Instrumental profiles for MRD II measured using the SRM660a LaB6 standard. The 100, 321 and 510 reflections are shown in (a),(b),(c), respectively. The specimen was square (2 × 2 cm) and was mounted on an aluminium frame; beam size was limited to 2 × 2 mm. Open dots correspond to raw data, whereas continuous line is the result of simulation.

Figure 17 shows an analogous measurement conducted on ZnO. As expected for the relatively low resolution of these optics, the differences between zinc oxide and SRM 660a (Fig. 16) are negligible. Considering that a complete distribution of wavelengths was not used in the primary beam, (we use a single wavelength in the raytracing and we convolve the raytraced profile with the emission profile) the agreement between model and simulation is rather good; the low angle reflections are a bit broader than expected, whereas the opposite is true for the high angle ones (cf. Figs. 17a and 17b). Accounting for the correct wavelength dispersion, would probably correct for this discrepancy.

Fig. 17

Comparison between measurement on the MRD I instrument (dots) and simulation (line). (a) (102) reflection and (b) (205) reflection of a zinc oxide powder. Measurement and simulation conditions were: incoming beam 4 × 4 mm and specimen size 14 × 14 mm.

6. Conclusions

A procedure has been presented for the raytracing of a parallel-beam diffractometer. The emphasis has been placed on the analysis of an instrument possessing a polycapillary collimator on the primary path. The proposed algorithm permits the evaluation of the instrument response in various diffraction modes. In particular, instrumental effects such as the variation of intensity and peak position, as well as the dependence of the profile shape on the diffraction angle can be easily obtained. The algorithm is quite flexible and can be easily adapted to any diffractometer.

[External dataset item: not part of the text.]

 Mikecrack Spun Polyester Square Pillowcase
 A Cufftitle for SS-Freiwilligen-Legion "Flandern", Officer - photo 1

Corrections for pole figure measurement, residual stress analysis, and traditional θ/2θ diffraction experiments are proposed and tested against measured data. Excellent agreement is found even in regions where traditional simplified models fail.

Raytracing and instrumental modeling represents a valid tool for experiment planning, providing a prediction of the instrumental response and accounting for possible aberrations and artifacts.

The results of the present work will serve as a basis for the analysis of 2-dimensional diffraction maps (e.g., reciprocal space maps and stress/texture maps).